I've been told how STOOOOPIIIIDDDD I am because I pay for my music.

How are artists to survive if we don't pay them for their work?

Doranna

I believe the general thinking is that such pirating doesn't *matter.* In some cases, there's enough data so an argument could could be mustered--a very limited argument, with limited scope.

On the other hand, in some cases, by exposing works to the Internet, they're considered permanently published by publishers who are no longer interested in acquiring the rights--say, to something out of print.

And on the third hand, both those examples are irrelevant. Stealing is stealing. The control of my works is mine. Other people shouldn't make those decisions for me.

Elizabeth Moon

Agreed on all points. As a writer, I want to control whether, when, and how my work is distributed. I want to be sure that what the reader gets is actually what I wrote, for instance. (When someone scans printed work and then publishes that e-file, it's often not correct--scanners have an inherent error rate, especially when paired with a basic spell checker. In one case "soldiers" turned into "sold hers," leading to sentences like "Twenty sold hers waited in the courtyard...") I have contracts with publishers, and I can't give someone else permission to distribute the same work (my contract forbids that)--not even for, for instance, a Nebula anthology. (Cost me several thousand dollars, making that mistake!)

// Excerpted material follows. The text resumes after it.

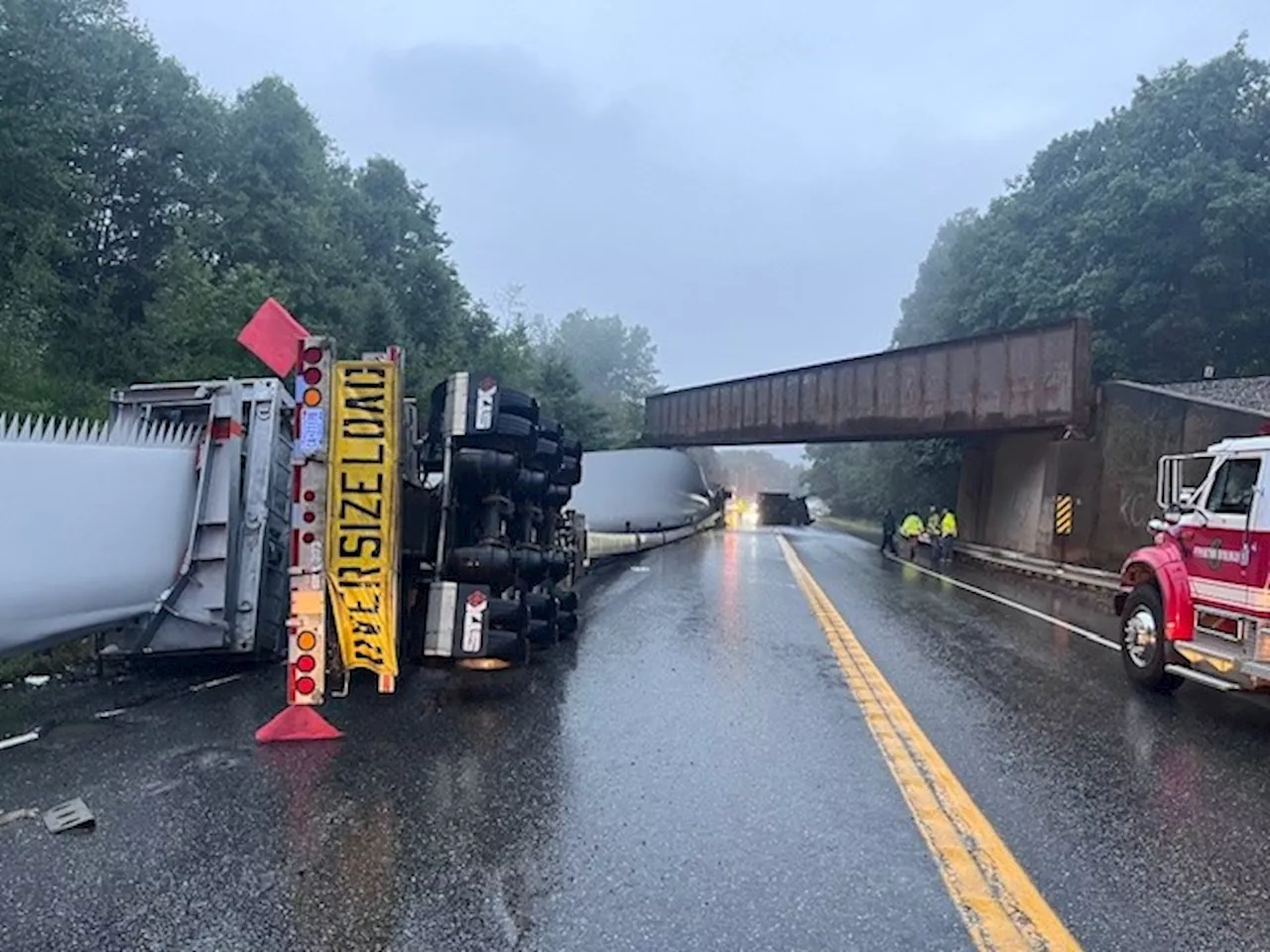 Tractor-trailer carrying windmill blade collides with railroad bridge in Maine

Artists may survive if they're not paid--those who aren't unemployable for other reasons like (in my case) being too old to get a job except as a Wal-Mart greeter--but they won't produce the stories and music that people claim to want. Some claim that pirating works online doesn't really cost the writers any income...but even if it didn't (and I believe it does, from the number of gloaters who've bragged that I won't get any royalties from them because they don't have to pay for my books), it steals my right to control my own work.

I don't think everyone who downloads a book is a bad person. I do think everyone who puts up work knowing it's got copyright protection--everyone who acts as a broker for pirated work--everyone who defends the practice--is harming those whose work they claim to value.


Doranna

All I can do is go *nod, nod, nod!*

I especially like your points about the brokers and defenders of pirated works, and also about the quality of work that will be available once those of us who used to be paid for it are working as Wal-Mart greeters. And oh, about the quality of the pirated works, and--

Hmm. I guess I could just end up repeated everything you said.

Morgan

The quality of the work--my head hurts just thinking of it. That slush pile--why would anyone read it if there's no chance of finding gold? So that leaves, for the most part, self-published work. Some good, some "well, my mother liked it." Just a guess. I could be missing something.

And I'm thinking sometimes it's hard enough getting your own words published by your publisher. :-P

Doranna

I'm thinking you're not missing much.